Snowe was LFA president from November 1997 to August 2003 before his appointment as managing director of the Liberia Petroleum Refining Company (LPRC) by then chairman Charles Gyude Bryant in a power sharing transitional government.
He told FrontPageAfrica (FPA) that he has been approached by several stakeholders to ‘rescue the LFA’ from its poor state. But Snowe admitted that any decision to contest in March 2014 will precede a consultation with LFA president Musa Bility.
“I first owe it to Mr. Bility, as a friend, to tell him two things: Mr. Bility, you will either have to regroup and do better than what you are doing now or I will have to contest if I agree to do it.
“I have been asked to do it [contest] but I have not made a decision yet.
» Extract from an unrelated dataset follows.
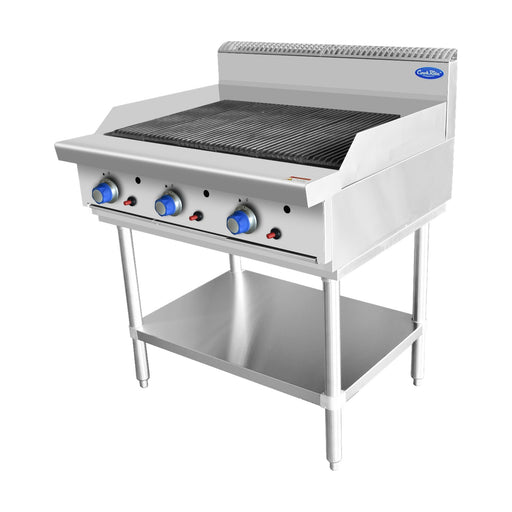 Cookrite 900 MM Radiant Char Grills NG - AT80G9C-F-NG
I love football and I don’t like what is happening to football.
“So if nothing is done about it, I wouldn’t hesitate to contest in March to rescue the LFA,” Snowe said in a 15-minute exclusive interview with FPA at his Capitol Building office on July 19.
Snowe and Bility are buddies and political allies, supporting the reelection of President Ellen Johnson-Sirleaf during the 2011 presidential and legislative elections.
Bility worked with Snowe when he was president and Snowe was one of the back benchers in Bility’s bid to replace Cllr. Sombo Izetta Wesley, who massively lost at the polls in March 2010.
Following the lifting of the UN-imposed travel ban on Snowe in July 2012, Bility appointed him as chairman of the mobilization committee of the national team’s bids for the 2013 Africa Cup of Nations and 2014 World Cup qualifiers.
Snowe’s first trip was head of delegation when Liberia played Equatorial Guinea in Malabo in August 2012 before making the trips to Victoria, Seychelles for a Caf extraordinary congress in September 2012, for the third round, second leg Africa Cup of Nations qualifier in Calabar, Nigeria in October 2012 and Caf elective congress in Marrakech, Morocco in March 2013.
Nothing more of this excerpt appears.